The log function is:
(ii) Ln(f) = ln(z) - (z^2 + c^2)/2 + ln[ I_0(cz) ]

and using the fact that:
(iii) d/dx I_0(x) = I_1(x)

gives us the derivative of the log liklihood function (I'll call F)
as: (iv) F(z) = 1/z - z + c * I_1(cz)/I_0(cz)

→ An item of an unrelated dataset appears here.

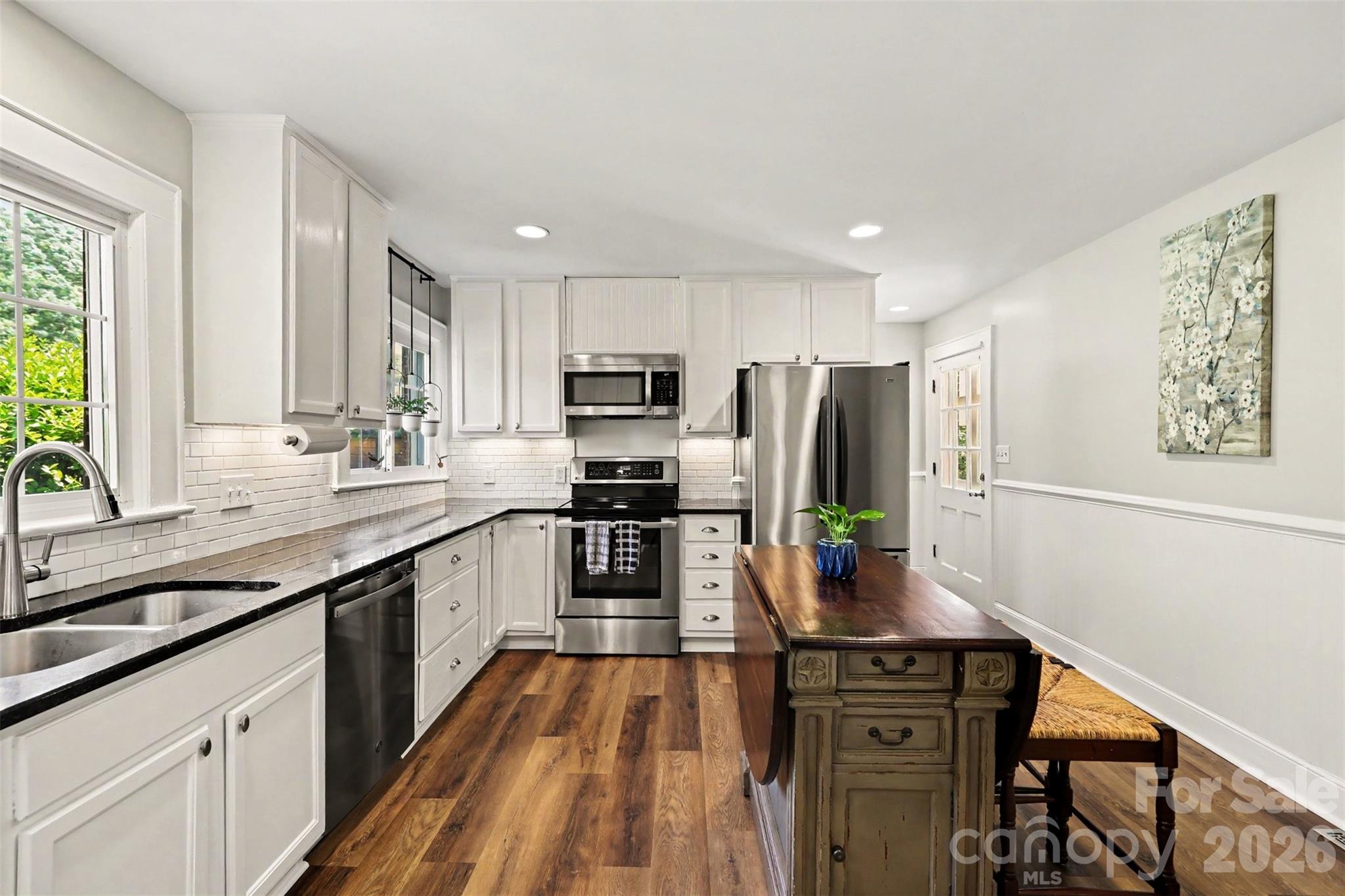 2068 Statesville Highway — Mooresville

? Why are you taking the derivative with respect to z, and not c?

David Jones

Because I did something _very_ stupid: sorry.
But, even if you take the derivative wrt c, the problem still does not
work out, since the derivative of the Log liklelihood function is now:
(v.a) 0 = -c + z * I_1(cz)/I_0(cz)
or
(v.b) c*I_0(cz) = z*I_1(cz)
The power series expansion still will not work using this eqn since the
first few terms in the p.s. expansion of I_0(cz) are:
(vii.a) 1 + (cz)^2/4 + (cz)^4/36 + ...
and that of I_1(cz) is:
(vii.b) (cz)/2 + (cz)^3/16 + (cz)^5/384 + ...
and subtituting the last two expressions into (v.b) still gives an eqn
for which I cannot see a soln.

Matt

.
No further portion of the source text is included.